Tamari Mchedlishvili promiviert gegenwärtig in Kunstgeschichte an der Tbilisi State University in Georgien. Ihre Forschung konzentriert sich auf den Einfluss des deutschen Expressionismus und Neo-Expressionismus auf die georgische Kunst der 1980er und 1990er Jahre. 2018 gründete sie das Contemporary Art Studio „not a museum“, ein Bildungszentrum und Forschungslabor. Sie ist außerdem Mitglied der gemeinnützigen Organisation „new collective for art“, die sich mit kreativen Arbeiten gesellschaftlichen Themen widmet. Seit 2012 hat sie an verschiedenen künstlerischen Veranstaltungen und Projekten teilgenommen. Derzeit arbeitet sie als Kunstmanagerin und Kuratorin in der Contemporary Art Gallery Novo in Tiflis.

 

Katrin Nahidi (Universität Graz): Expressionistic Tendencies in Iran (EN)

Anhand der Analyse von Charles Hossein Zenderoudis Who is this Hossein the World is so crazy about? (1958) werde ich die Verwendung religiöser Ikonografie in einer expressionistischen Sprache als bedeutendes Werkzeug, um künstlerischen Ausdruck innerhalb der fortlaufenden antikolonialen Debatten um die Westoxifizierung des Irans zu positionieren, untersuchen. Diese künstlerische Sprache ermöglichte es dem Künstler, sich shi’itischen Ikonografien aus einer frischen Perspektive anzunähern und shi’itische Traditionen in die Gegenwart zurückzubringen. Der Expressionismus bot ein politisches Erbe und eine wirkungsvolle, jedoch bildliche Sprache, um das etablierte Dekor der shi’itischen Ikonografie im Iran herauszufordern. Er diente als visuelles Mittel, um das Leiden von Imam Hussein zu intensivieren und es als Erfahrung von Schmerz, Elend und Verwüstung darzustellen; sie prägte die politische und intellektuelle Diskussion im Iran ab den 1960er Jahren.
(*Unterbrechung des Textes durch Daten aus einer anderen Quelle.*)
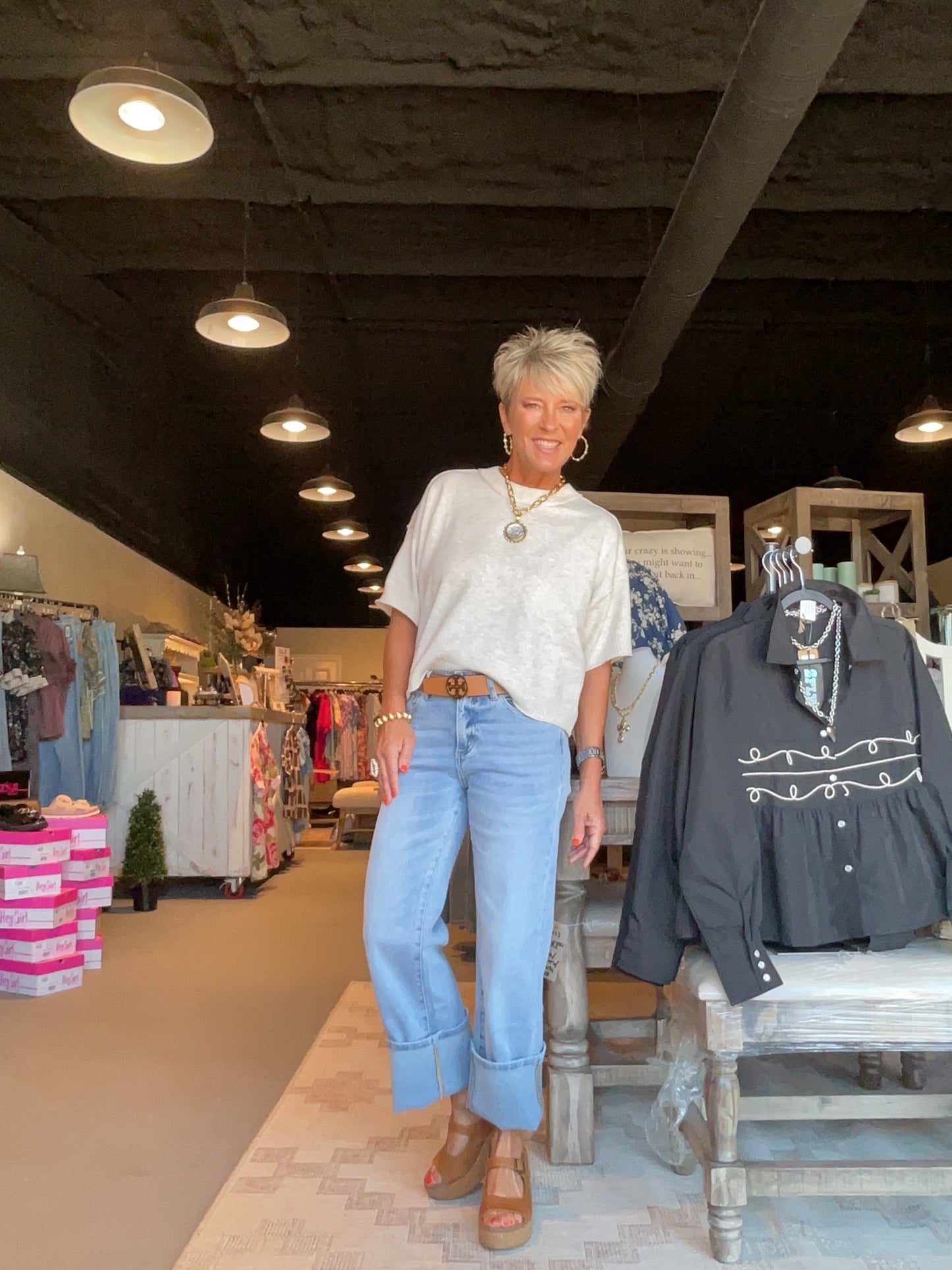 EE26 Sand Color Round Neck Short Sleeve Sweater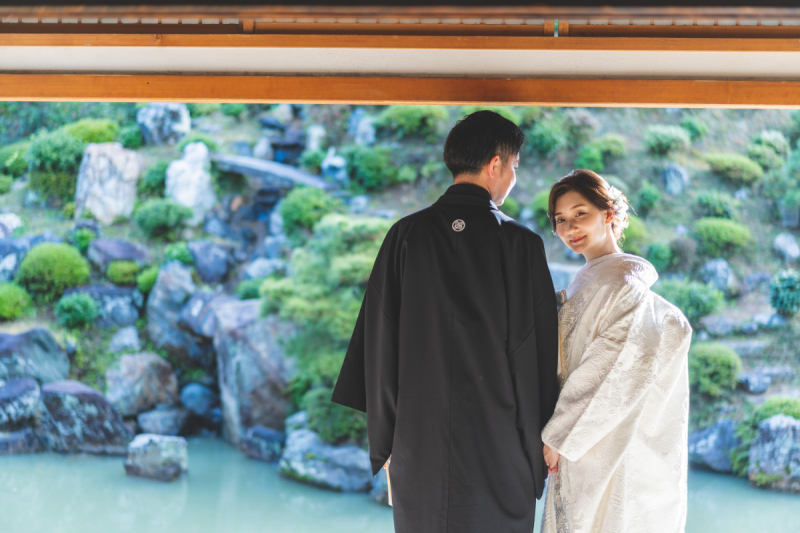 中庭に広がる日本庭園に向けて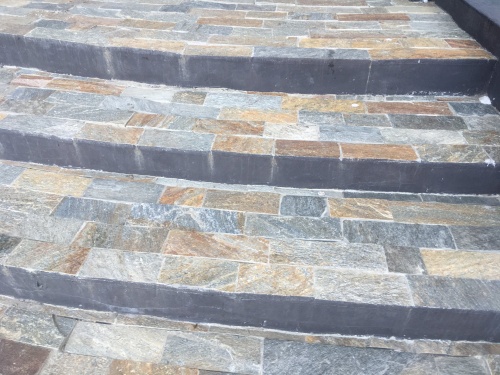 Плитка из Златолита Уральского для лестницы купить в Южноуральске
Kathrin Nahidi ist wissenschaftliche Assistentin für Moderne und Gegenwartskunst am Institut für Kunstgeschichte der Universität Graz. Sie studierte Kunstgeschichte, Geschichte und Kultur des Nahen Ostens sowie Neuere deutsche Literatur an der Ludwig-Maximilians-Universität München. Ihre Dissertation wurde im Rahmen des Sinergia-Projekts Other Modernities – Practices and Patrimony of Visual Expression Outside the West vom Schweizer Nationalfonds an der Universität Bern und an der Freien Universität Berlin gefördert (2013–2017). 2023 erscheint ihre Monographie unter dem Titel The Cultural Politics of Art in Iran: Modernism, Exhibitions, and Art Production bei Cambridge University Press.

 

Dr. Rahul Dev (National Museum Institute, Noida/New Delhi): German Expressionism and its Reception in Indian Modernism (EN)
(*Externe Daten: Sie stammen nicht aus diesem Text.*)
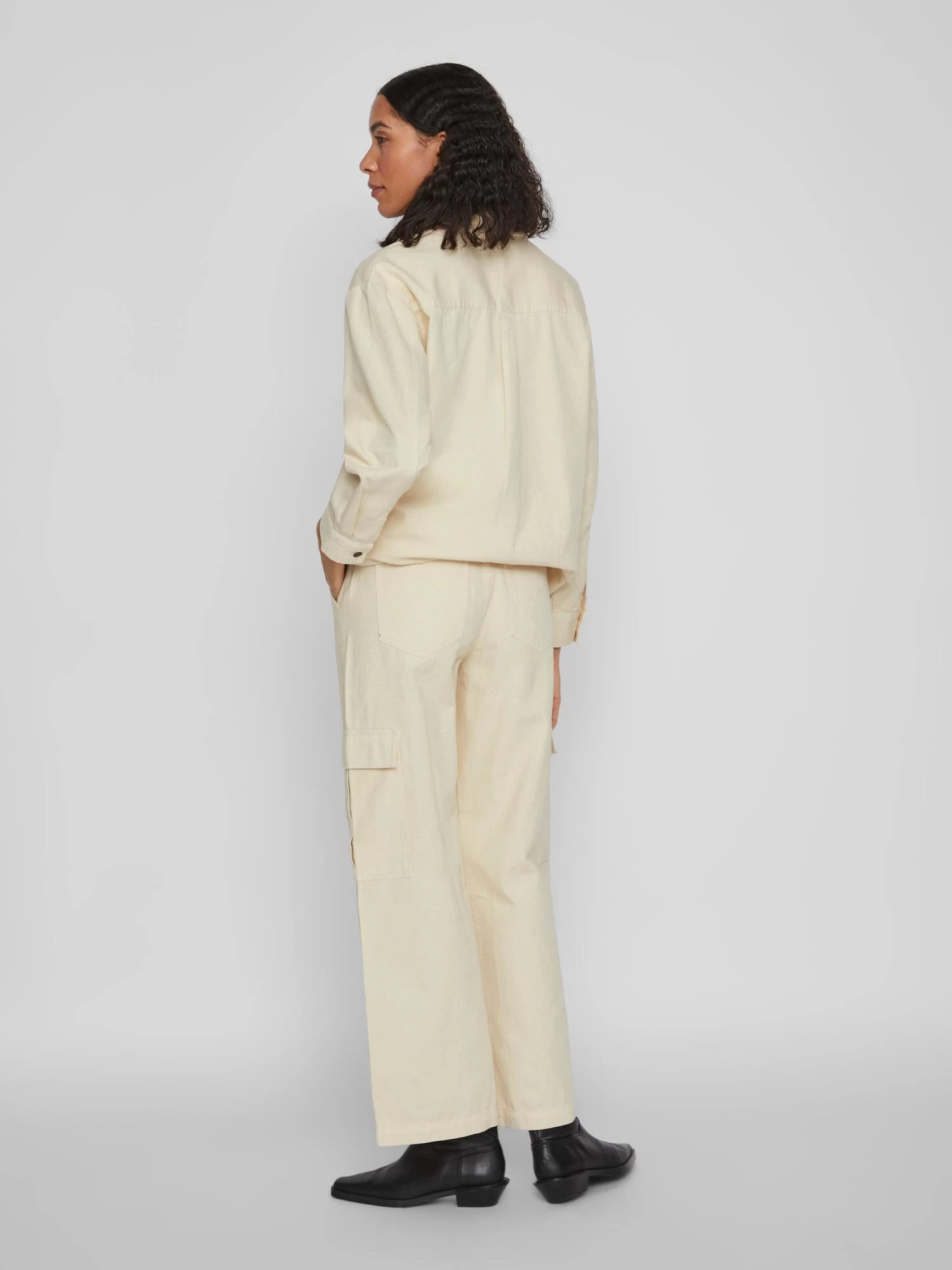 Vila Straight Regular Cargojeans Tilo Dames Crème 4 Vila Straight Regular Cargojeans Tilo Dames Crème - Afbeelding 4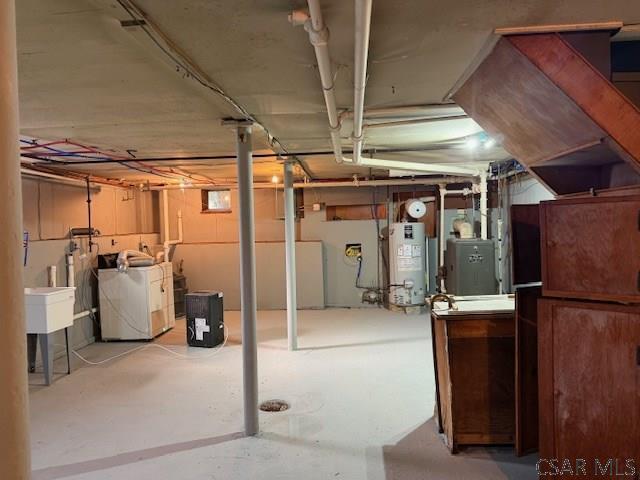 Building Photo - R130 Strayer St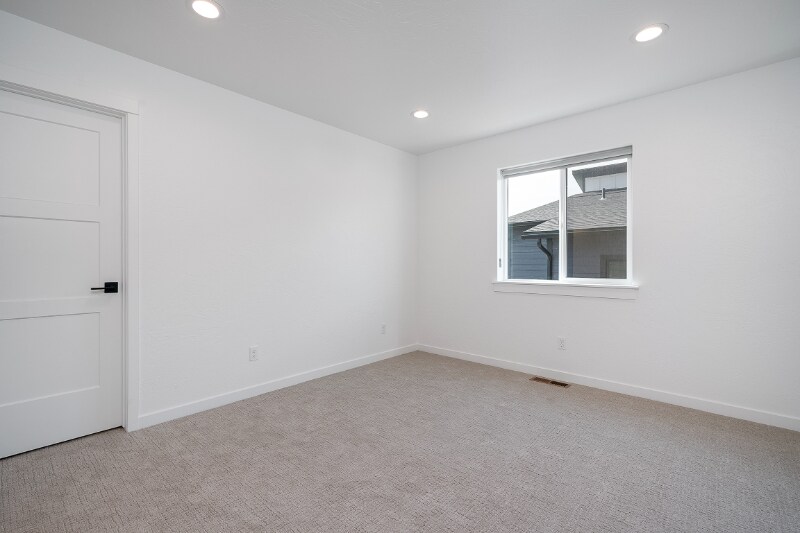 Building Photo - 116 W View Dr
Expressionistische Weltanschauungen spiegeln Veränderungen in von Krieg gezeichneten Gesellschaften und stellen sich der Industrialisierung und Rationalisierung des Alltagslebens entgegen. Indem ich die Rezeption des Expressionismus in der indischen Moderne der späten 1980er bis 2000er Jahre betrachte, werde ich zeigen, wie das expressionistische Idiom zu einem wesentlichen Merkmal in der Praxis mehrerer indischer Künstler wurde. Ihre Werke waren geprägt von politischen Katastrophen und Aktivismus; sie entstanden an der Schnittstelle von Geschlecht, Klasse und Kaste.
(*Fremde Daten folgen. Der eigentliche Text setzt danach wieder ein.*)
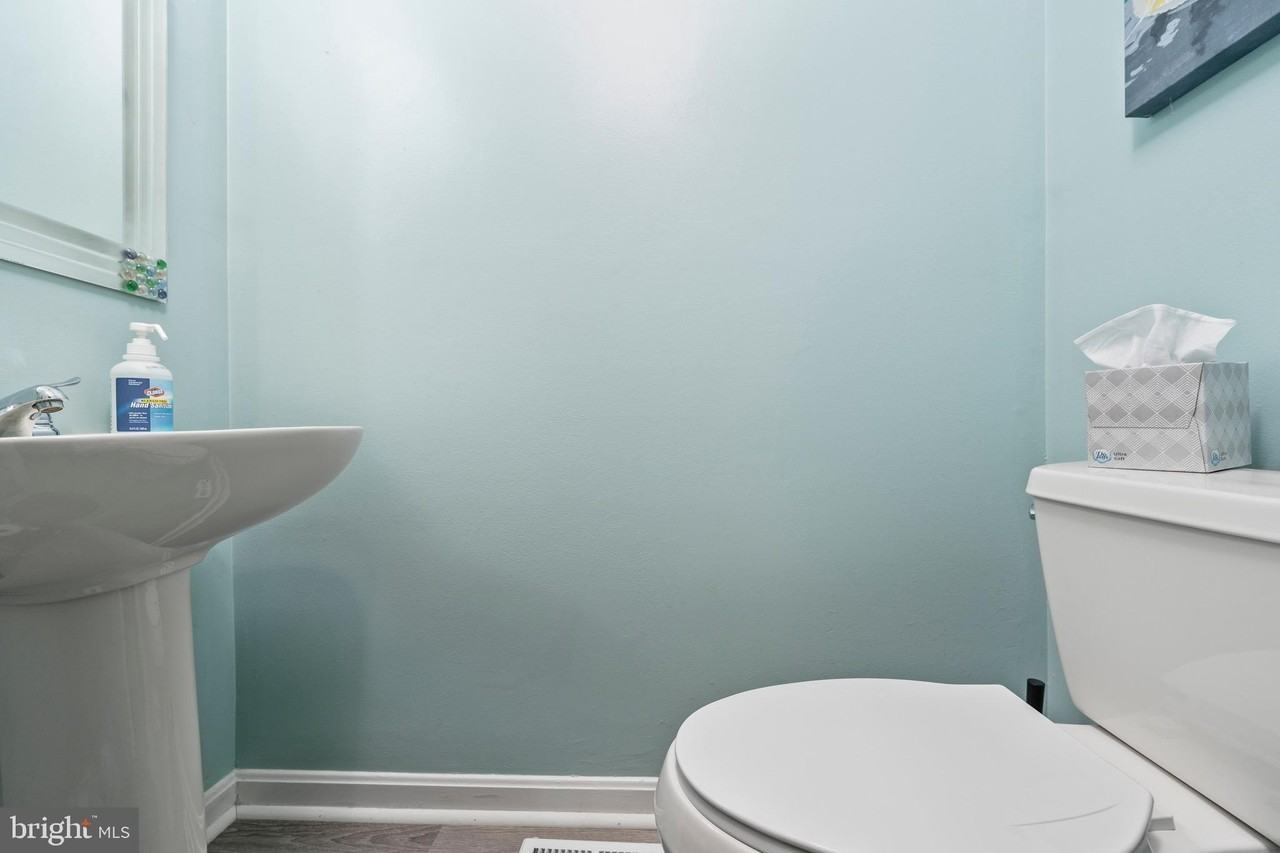 1954 Millington Sq - Photo 5 of 25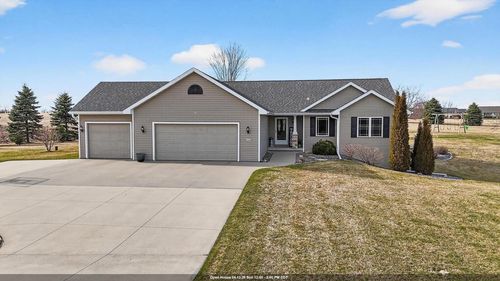 W7122 Hillview Road, Greenville, WI, 54942 | Card Image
Dr. Rahul Dev unterrichtet Kunstgeschichte und Deutsch am National Museum Institute (NCR) in Delhi, Indien. Seine Dissertation (von der Jawaharlal Nehru University, Delhi) beschäftigt sich mit dem deutschen Expressionismus und seiner Rezeption in der modernen indischen Kunst. Seine aktuellen Forschungsinteressen umfassen Kunstgeschichte, Kunstkritik, Germanistik und Marginal Art. Er hat Stipendien von Institutionen wie den Staatlichen Museen zu Berlin und dem Getty Research Institute erhalten und an Publikationsprojekten mit dem Asia Art Archive und dem Arts Development Program in Delhi gearbeitet. Als Co-Kurator wirkte er mit an der Bodhgaya Biennale. Seine Rezensionen und Essays, darunter ein Artikel über Expressivität in indischen Kunstkollektiven, sind vielfach veröffentlicht worden.